== Prompt ==
Output every entry exactly as it appears.

# # #

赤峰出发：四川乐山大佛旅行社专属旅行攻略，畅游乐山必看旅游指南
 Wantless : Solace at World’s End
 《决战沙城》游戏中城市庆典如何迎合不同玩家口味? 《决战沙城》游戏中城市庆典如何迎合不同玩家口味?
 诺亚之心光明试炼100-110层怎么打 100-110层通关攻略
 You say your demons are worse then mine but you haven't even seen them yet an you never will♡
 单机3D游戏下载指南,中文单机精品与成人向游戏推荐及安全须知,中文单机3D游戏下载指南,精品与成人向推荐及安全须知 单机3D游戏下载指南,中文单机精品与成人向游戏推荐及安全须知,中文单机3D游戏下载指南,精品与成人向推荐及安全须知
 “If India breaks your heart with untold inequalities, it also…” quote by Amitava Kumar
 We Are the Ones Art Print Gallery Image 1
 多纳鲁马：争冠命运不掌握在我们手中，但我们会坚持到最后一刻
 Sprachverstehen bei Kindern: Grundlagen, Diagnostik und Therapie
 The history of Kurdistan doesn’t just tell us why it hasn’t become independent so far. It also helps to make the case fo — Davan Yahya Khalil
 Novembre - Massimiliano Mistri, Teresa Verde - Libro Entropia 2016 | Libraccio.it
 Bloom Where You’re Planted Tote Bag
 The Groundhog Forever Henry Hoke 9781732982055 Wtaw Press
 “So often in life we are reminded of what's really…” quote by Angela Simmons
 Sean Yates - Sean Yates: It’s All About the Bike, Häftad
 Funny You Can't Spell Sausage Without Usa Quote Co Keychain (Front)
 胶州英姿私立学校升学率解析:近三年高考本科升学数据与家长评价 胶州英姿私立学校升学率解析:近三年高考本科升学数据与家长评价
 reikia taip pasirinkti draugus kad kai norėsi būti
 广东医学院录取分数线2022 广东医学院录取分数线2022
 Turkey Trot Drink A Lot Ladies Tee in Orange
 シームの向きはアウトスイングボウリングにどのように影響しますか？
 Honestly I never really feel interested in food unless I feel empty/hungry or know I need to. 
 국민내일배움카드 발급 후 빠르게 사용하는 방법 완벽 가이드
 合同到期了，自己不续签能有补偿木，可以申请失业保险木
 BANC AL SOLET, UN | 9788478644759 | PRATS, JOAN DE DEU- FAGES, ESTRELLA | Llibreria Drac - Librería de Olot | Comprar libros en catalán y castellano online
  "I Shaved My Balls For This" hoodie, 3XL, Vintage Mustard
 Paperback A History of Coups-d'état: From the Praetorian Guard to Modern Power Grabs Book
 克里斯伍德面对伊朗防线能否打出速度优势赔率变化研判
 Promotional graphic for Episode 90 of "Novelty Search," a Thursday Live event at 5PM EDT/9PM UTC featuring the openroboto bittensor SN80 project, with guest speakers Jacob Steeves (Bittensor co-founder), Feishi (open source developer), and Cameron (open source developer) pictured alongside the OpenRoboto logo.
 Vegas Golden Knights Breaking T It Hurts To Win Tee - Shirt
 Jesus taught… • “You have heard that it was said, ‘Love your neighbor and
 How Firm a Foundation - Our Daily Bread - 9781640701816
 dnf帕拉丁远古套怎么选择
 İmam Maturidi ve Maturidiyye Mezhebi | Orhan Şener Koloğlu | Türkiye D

# # #

== Expected answer ==
赤峰出发：四川乐山大佛旅行社专属旅行攻略，畅游乐山必看旅游指南
 Wantless : Solace at World’s End
 《决战沙城》游戏中城市庆典如何迎合不同玩家口味? 《决战沙城》游戏中城市庆典如何迎合不同玩家口味?
 诺亚之心光明试炼100-110层怎么打 100-110层通关攻略
 You say your demons are worse then mine but you haven't even seen them yet an you never will♡
 单机3D游戏下载指南,中文单机精品与成人向游戏推荐及安全须知,中文单机3D游戏下载指南,精品与成人向推荐及安全须知 单机3D游戏下载指南,中文单机精品与成人向游戏推荐及安全须知,中文单机3D游戏下载指南,精品与成人向推荐及安全须知
 “If India breaks your heart with untold inequalities, it also…” quote by Amitava Kumar
 We Are the Ones Art Print Gallery Image 1
 多纳鲁马：争冠命运不掌握在我们手中，但我们会坚持到最后一刻
 Sprachverstehen bei Kindern: Grundlagen, Diagnostik und Therapie
 The history of Kurdistan doesn’t just tell us why it hasn’t become independent so far. It also helps to make the case fo — Davan Yahya Khalil
 Novembre - Massimiliano Mistri, Teresa Verde - Libro Entropia 2016 | Libraccio.it
 Bloom Where You’re Planted Tote Bag
 The Groundhog Forever Henry Hoke 9781732982055 Wtaw Press
 “So often in life we are reminded of what's really…” quote by Angela Simmons
 Sean Yates - Sean Yates: It’s All About the Bike, Häftad
 Funny You Can't Spell Sausage Without Usa Quote Co Keychain (Front)
 胶州英姿私立学校升学率解析:近三年高考本科升学数据与家长评价 胶州英姿私立学校升学率解析:近三年高考本科升学数据与家长评价
 reikia taip pasirinkti draugus kad kai norėsi būti
 广东医学院录取分数线2022 广东医学院录取分数线2022
 Turkey Trot Drink A Lot Ladies Tee in Orange
 シームの向きはアウトスイングボウリングにどのように影響しますか？
 Honestly I never really feel interested in food unless I feel empty/hungry or know I need to. 
 국민내일배움카드 발급 후 빠르게 사용하는 방법 완벽 가이드
 合同到期了，自己不续签能有补偿木，可以申请失业保险木
 BANC AL SOLET, UN | 9788478644759 | PRATS, JOAN DE DEU- FAGES, ESTRELLA | Llibreria Drac - Librería de Olot | Comprar libros en catalán y castellano online
  "I Shaved My Balls For This" hoodie, 3XL, Vintage Mustard
 Paperback A History of Coups-d'état: From the Praetorian Guard to Modern Power Grabs Book
 克里斯伍德面对伊朗防线能否打出速度优势赔率变化研判
 Promotional graphic for Episode 90 of "Novelty Search," a Thursday Live event at 5PM EDT/9PM UTC featuring the openroboto bittensor SN80 project, with guest speakers Jacob Steeves (Bittensor co-founder), Feishi (open source developer), and Cameron (open source developer) pictured alongside the OpenRoboto logo.
 Vegas Golden Knights Breaking T It Hurts To Win Tee - Shirt
 Jesus taught… • “You have heard that it was said, ‘Love your neighbor and
 How Firm a Foundation - Our Daily Bread - 9781640701816
 dnf帕拉丁远古套怎么选择
 İmam Maturidi ve Maturidiyye Mezhebi | Orhan Şener Koloğlu | Türkiye D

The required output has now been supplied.